Claimant's testimony regarding his observations at the time of the accident, and Wood's testimony regarding the presence of the cans of adhesive spray on the day of the accident, make it more likely that claimant sustained injuries as a result of a can of adhesive spray striking him on the head than some other cause. Although claimant did not observe the object before it struck him on the head, he was able to identify the object as a can of adhesive spray as it fell in front of, or by, him while he was still on the ladder (Tr. 19, 48, 60). Wood verified that the worker on the platform above claimant was using cans of adhesive spray (Tr. 95), and acknowledged that the space between the back wall and the platform was sufficient to permit a can of adhesive spray to roll off the platform, just to the left of the vent, and fall straight down in the vicinity where claimant was working (Tr. 104, 107-108). And, as discussed above, it is undisputed that the platform did not have toe boards to prevent objects from falling off the platform.

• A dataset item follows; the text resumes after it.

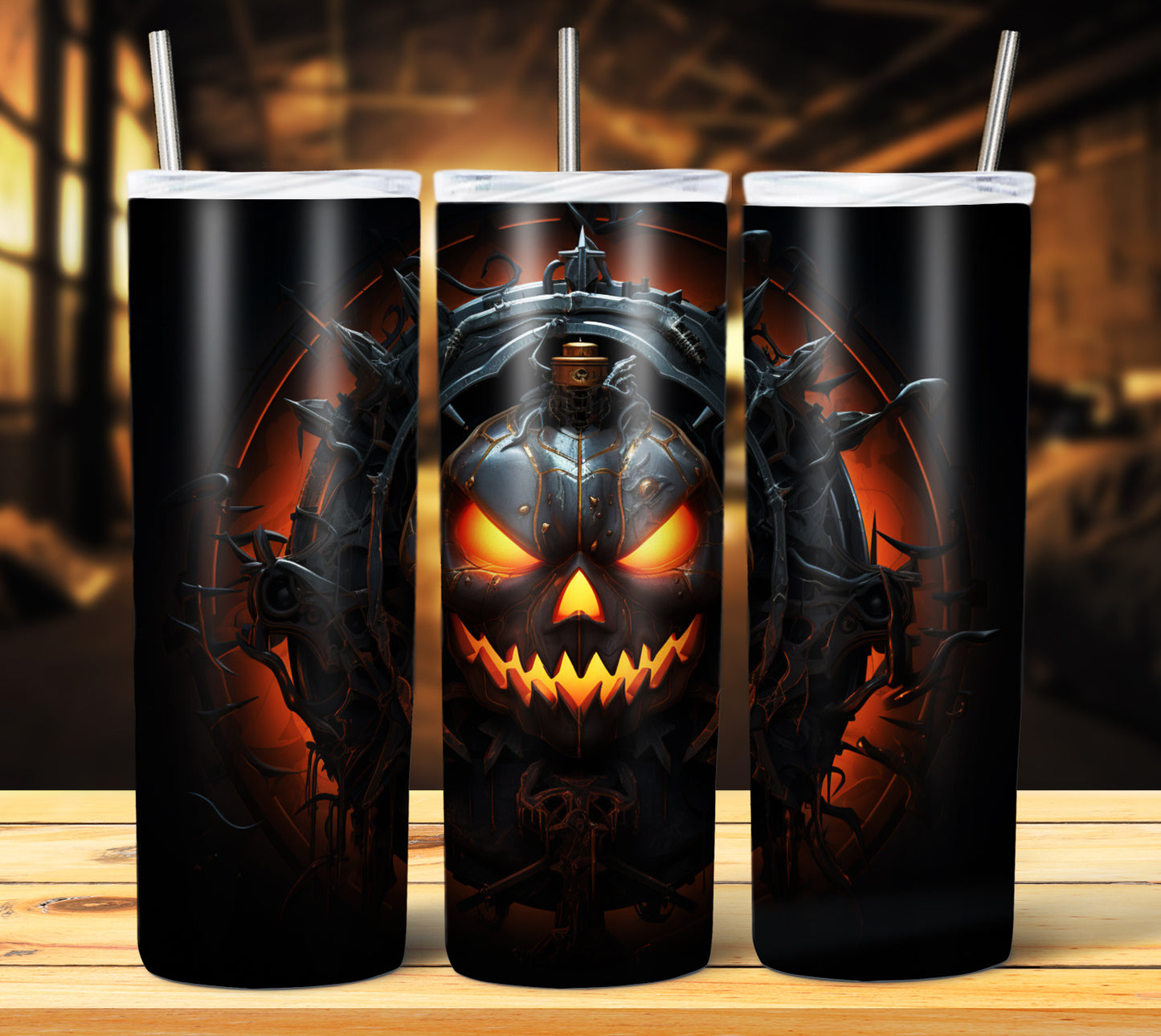 40 SteamPunk Halloween Sublimation 20oz Images Bundle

Accordingly, the Court finds that with respect to claimant's first cause of action for negligence, defendant is solely responsible for the injuries suffered by claimant, and the Clerk of the Court is directed to enter an interlocutory judgment on the issue of liability in accordance with this decision.(3) Thereafter, a trial to determine damages will be scheduled as soon as practicable. All motions not previously decided are denied.

December 24, 2009

Albany, New York

James H. Ferreira

Judge of the Court of Claims


2. References to trial transcript are delineated herein as (Tr. __).

3. As explained by claimant's counsel at the outset of the trial, the second cause of action will be addressed during the damages portion of this matter.